Why does mod_security require an ACCEPT HTTP header field?
After some debugging, I found that the core ruleset of mod_security blocks requests that don't have the (optional!) ACCEPT header field.
This is what I find in the logs:
ModSecurity: Warning. Match of "rx ^OPTIONS$" against "REQUEST_METHOD" required. [file "/etc/apache2/conf.d/modsecurity/modsecurity_crs_21_protocol_anomalies.conf"] [line "41"] [id "960015"] [msg "Request Missing an Accept Header"] [severity "CRITICAL"] [tag "PROTOCOL_VIOLATION/MISSING_HEADER"] [hostname "example.com"] [uri "/"] [unique_id "T4F5@H8AAQEAAFU6aPEAAAAL"]
ModSecurity: Access denied with code 400 (phase 2). Match of "rx ^OPTIONS$" against "REQUEST_METHOD" required. [file "/etc/apache2/conf.d/modsecurity/optional_rules/modsecurity_crs_21_protocol_anomalies.conf"] [line "41"] [id "960015"] [msg "Request Missing an Accept Header"] [severity "CRITICAL"] [tag "PROTOCOL_VIOLATION/MISSING_HEADER"] [hostname "example.com"] [uri "/"] [unique_id "T4F5@H8AAQEAAFU6aPEAAAAL"]

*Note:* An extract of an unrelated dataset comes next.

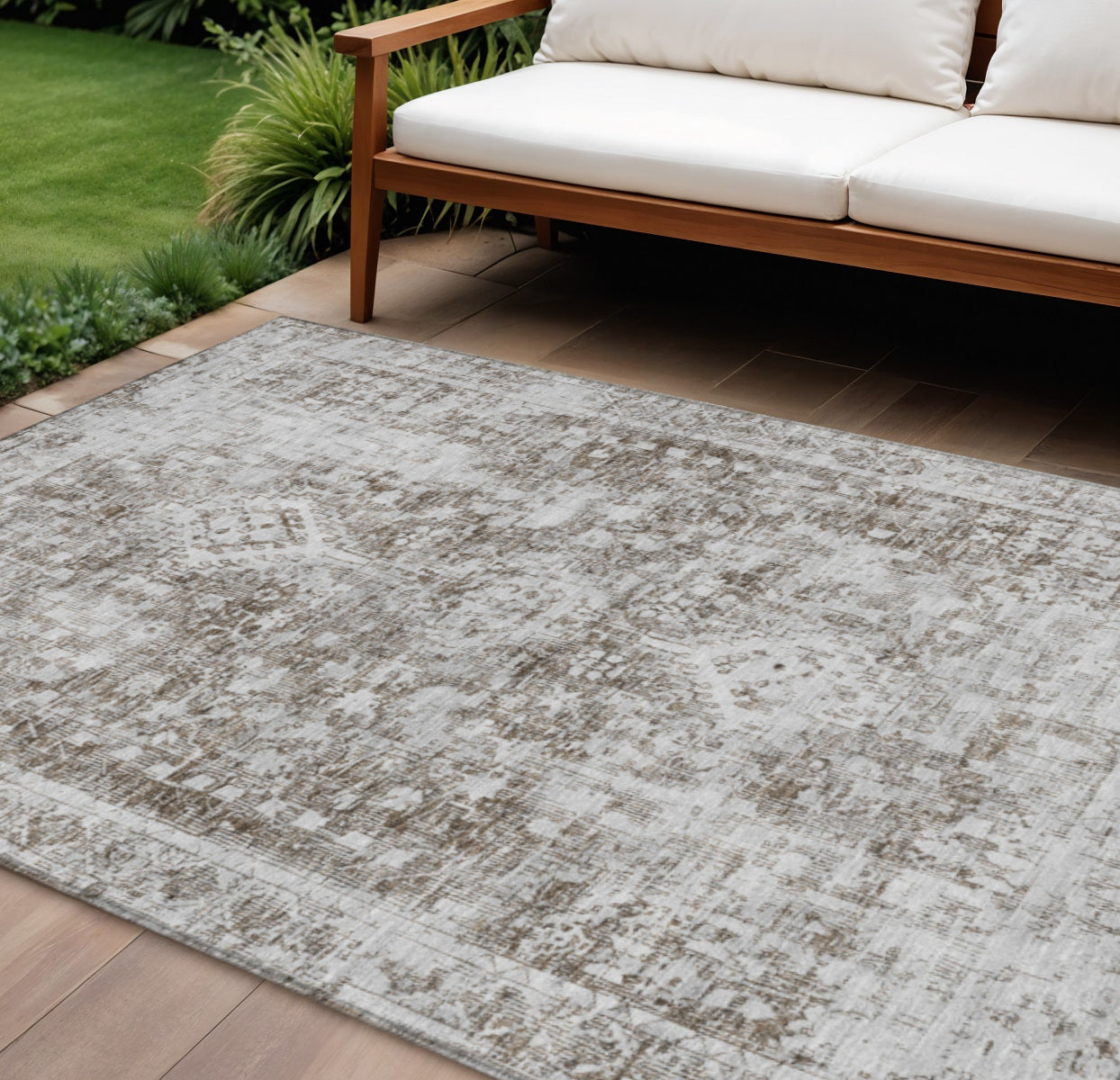 9 X 12 Chocolate Oriental Washable Indoor Outdoor Area Rug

Why is this header required? I understand that "most" clients send these, but why is their absence considered a security threat?
I didn't write these rules but as I understand it, there is a strong correlation between clients that don't include this header and malicious clients and also between clients that do include it and benign clients.

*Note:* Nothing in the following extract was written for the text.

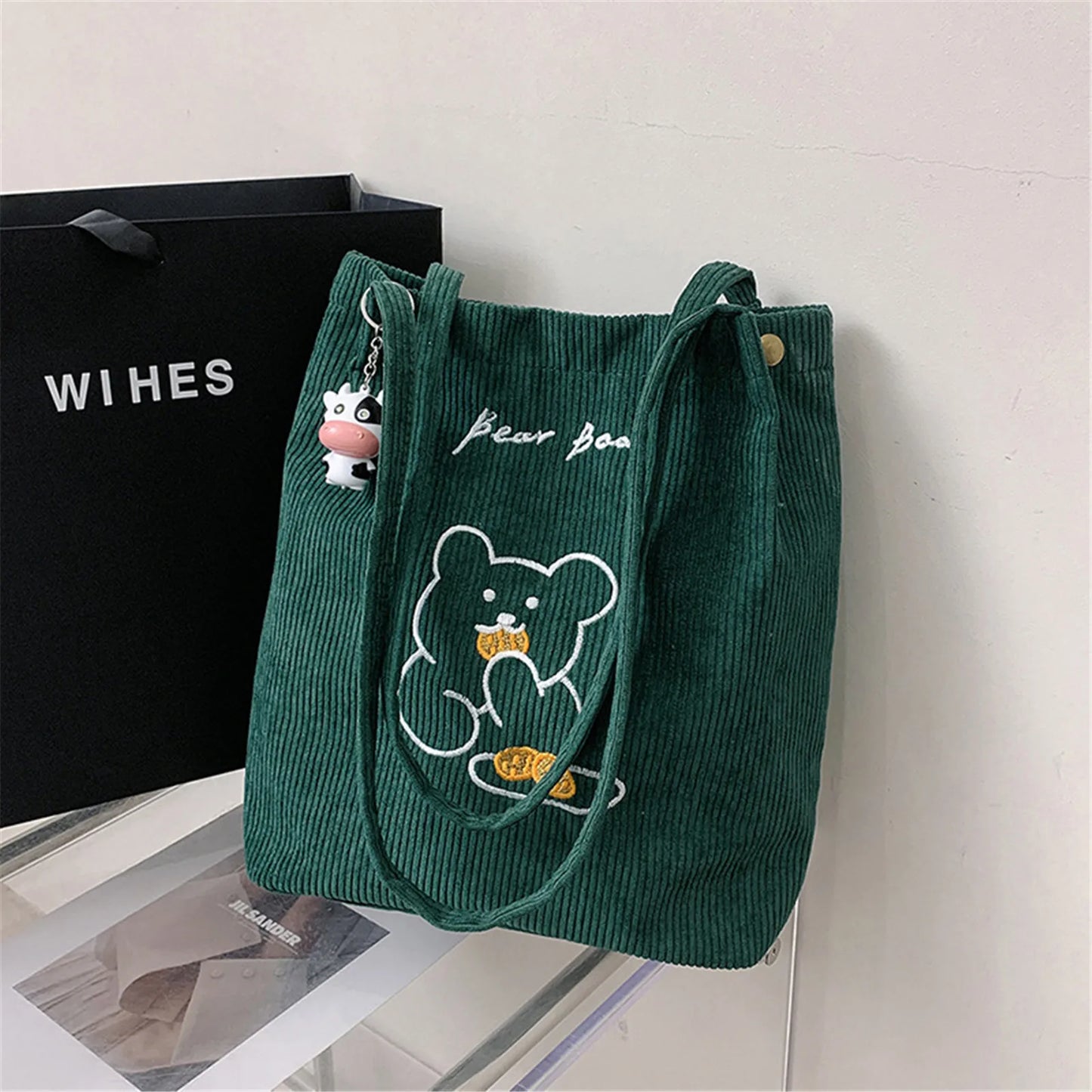 Cartoon Embroidered Bear Shoulder Bag Foldable Corduroy Handbag For Women Large Capacity Tote Bags Eco Friendly Shopping Bag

You may find certain bots (for example: Pingdom, HostTracker, UpDowner, magpie-crawler, Yandex, Yodao, MJ12, GigaBot and the LinkedInBot in a quick grep through my logs) that don't send this header however if you combine this with a rule that matches "normal" User-Agents such as Chrome, Firefox, IE, Safari, Opera, etc. then you will be able to avoid blocking those bots.

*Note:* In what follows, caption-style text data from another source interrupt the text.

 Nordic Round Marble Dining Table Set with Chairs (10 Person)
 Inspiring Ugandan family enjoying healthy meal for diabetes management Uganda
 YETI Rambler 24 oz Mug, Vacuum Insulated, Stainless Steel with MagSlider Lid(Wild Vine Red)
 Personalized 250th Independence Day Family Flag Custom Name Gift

There are some clients (or possibly a proxy that modifies the headers) that send an accept:
header (and most other headers in lower case). I haven't yet been able to determine whether these are malicious or not, however they all claim to be "Firefox/3.6.8" and have:
Via:HTTP/1.1 silk
X-Forwarded-For:10.161.106.98
or some other 10.x.x.x IP address in their headers... which is suspicious.
RFC 2616 states that the Accept header SHOULD be present in all requests. Note that this isn't an absolute requirement, so a user-agent is still conditionally compliant (as defined in the RFC) if it doesn't send this header.
The rationale for denying requests without an Accept header is that all regular web browsers do send the header, while many bots do not. In practice, though, after seeing millions of requests, some "good" bots don't send the Accept header either. So this rule is not perfect and does generate false positives.